Japanese technology stocks slumped. A selloff in U.S. semiconductor stocks spread to Asia, CNBC reported on Thursday.
SoftBank shares fell 8.8 percent. Chip equipment maker Tokyo Electron dropped 9 percent and Advantest slid 9.4 percent. Semiconductor stocks also tumbled in the U.S. market a day earlier.
Kioxia fell more than 14 percent. A Texas federal jury on Wednesday found infringement of Viasat memory technology patents and ordered Kioxia to pay $229 million in damages.
South Korean markets were closed for a holiday. SK Hynix fell more than 11 percent a day earlier, and its U.S.-listed shares also dropped more than 13 percent.
Weakness in U.S. technology stocks also continued. The Nasdaq Composite Index fell 1.47 percent. VanEck Semiconductor ETF slid nearly 4 percent, and Arm Holdings fell more than 5 percent. Micron Technology, AMD and Broadcom each dropped more than 5 percent.
TSMC raised its annual capital spending forecast to $60 billion to $64 billion from $52 billion to $56 billion, but investors focused more on the burden of AI spending than on expanding investment.

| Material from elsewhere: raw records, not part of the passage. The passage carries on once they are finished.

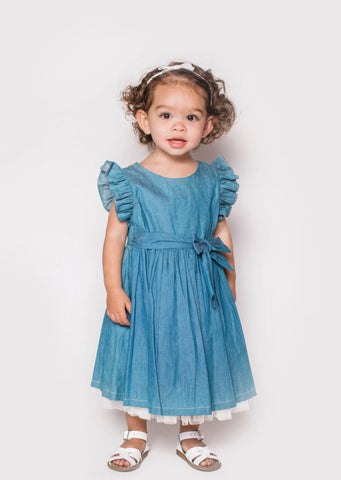 Popatu Baby Girl's Denim Blue Chambray Dress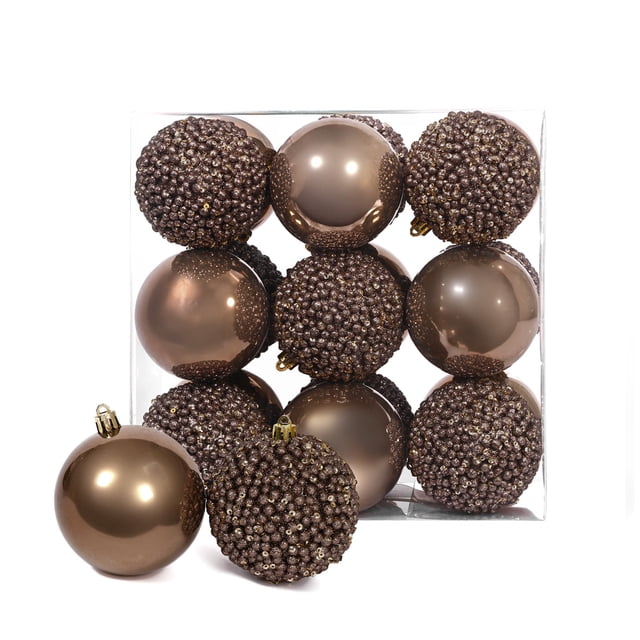 Esferas para árbol de navidad Artego de 8 cm de diámetro paq 18 esferas Café chessnut *Línea Pearl Con 2 estilos: pearls y cromado, para colgar Christmas ornaments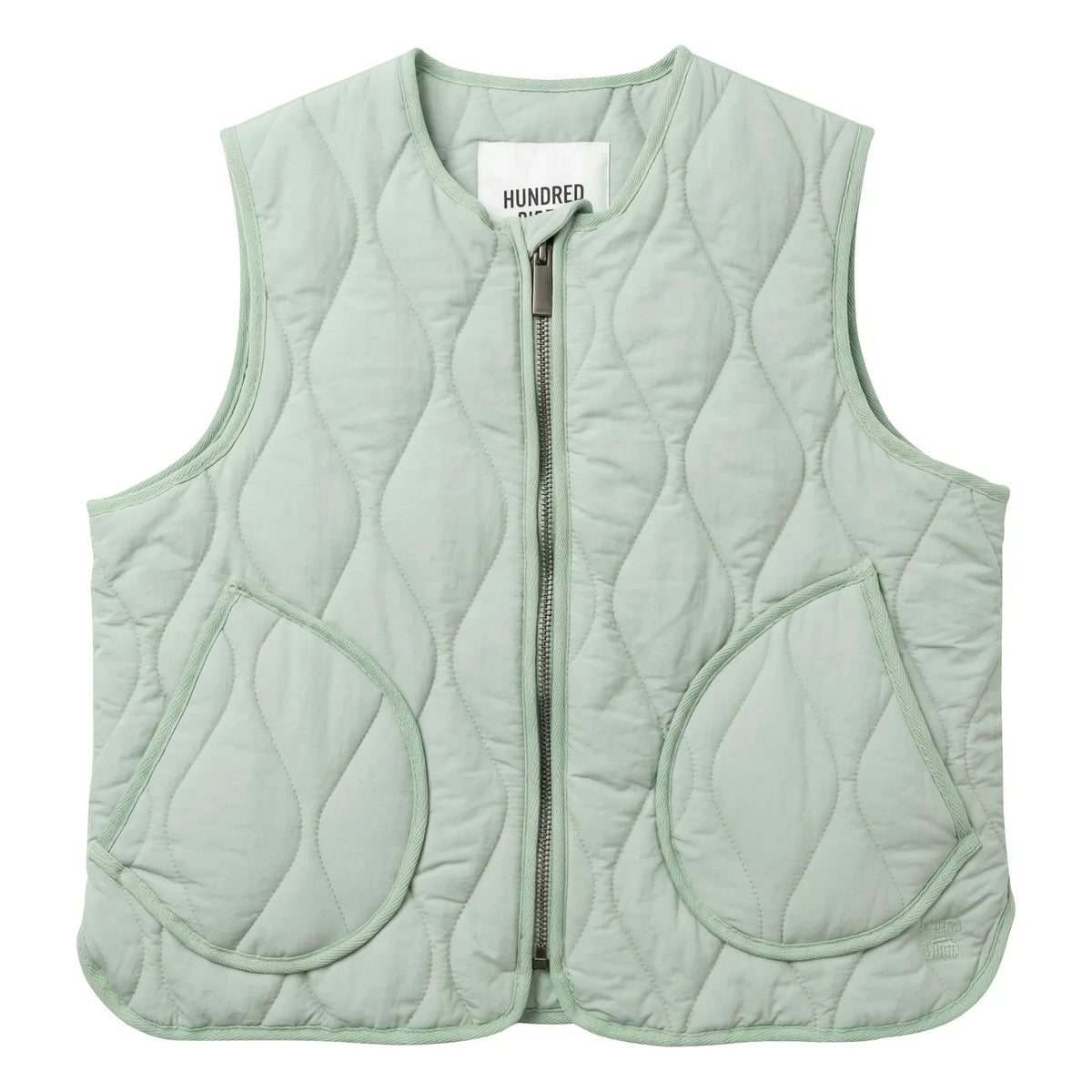 Hundred Pieces - Glee Quilted Sleeveless Jacket | Sage Green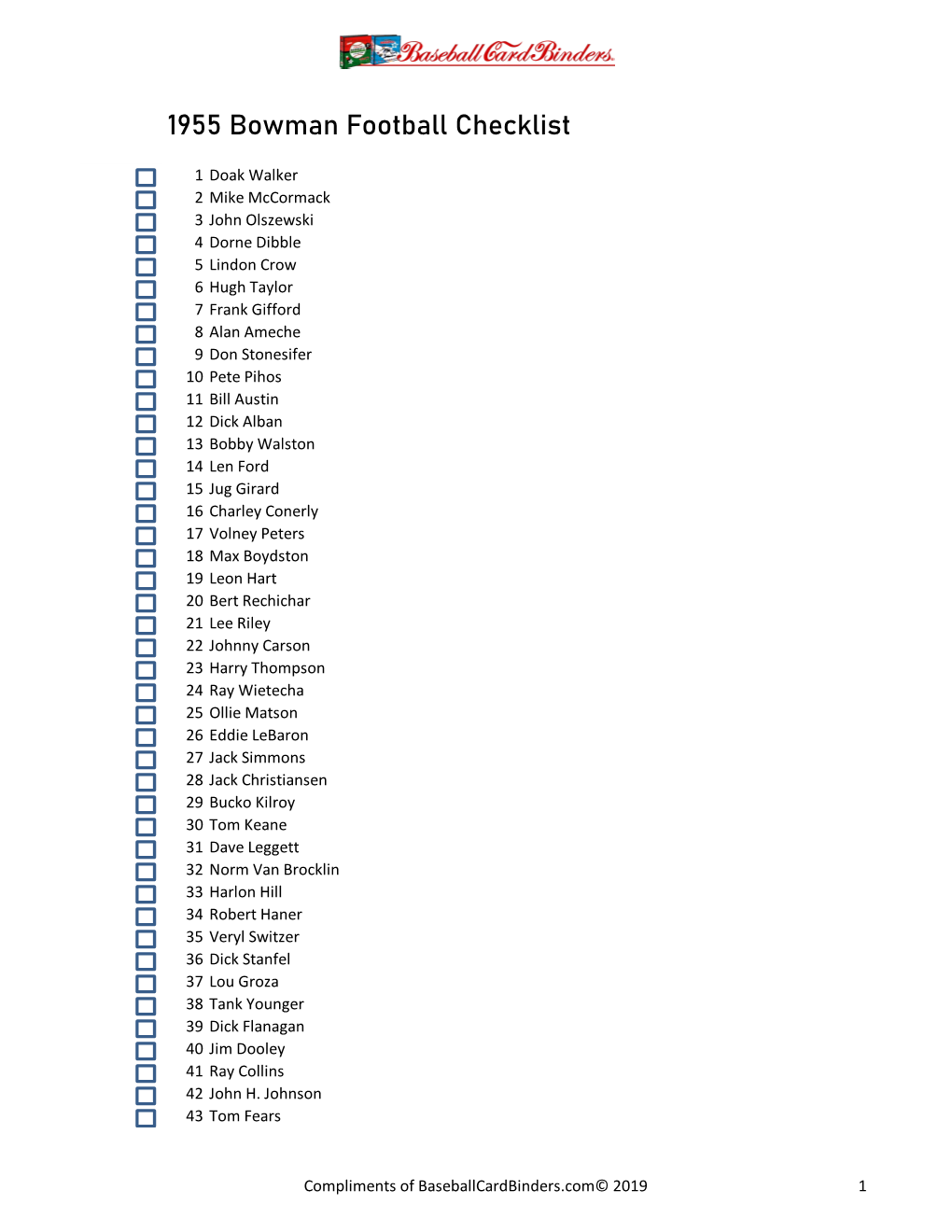 1955 Bowman Football Checklist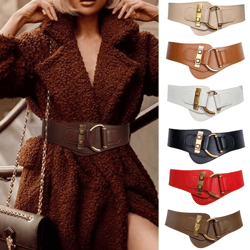 classic gold buckle leather belt adjustable womens fashion waist belt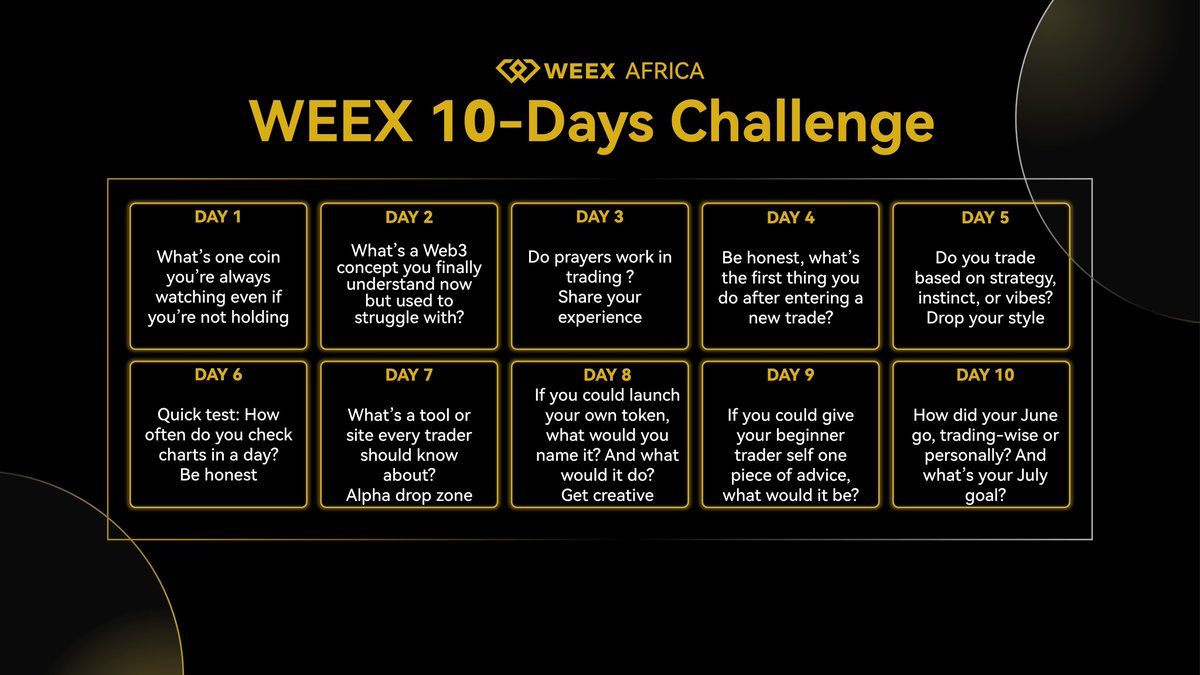 🥳WEEX 10 Days Challenge

📅DAY 10

⁉️How did your July go, trading-wise or personally and what's your August goal?

To Win
✅Follow and retweet this post
✅Drop your response and UID using the #WEEX10DaysChallenge

x.com/WEEX_Africa/st…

CNBC reported that this reflected concerns that it was becoming increasingly difficult to justify continuing an aggressive investment cycle.
Andrew Jackson, a strategist at Ortus Advisors, said TSMC earnings were not strong enough to support further gains in the sector and fueled concerns about excessive spending. He added that the selloff was a pullback from crowding into AI momentum stocks rather than a deterioration in long-term fundamentals.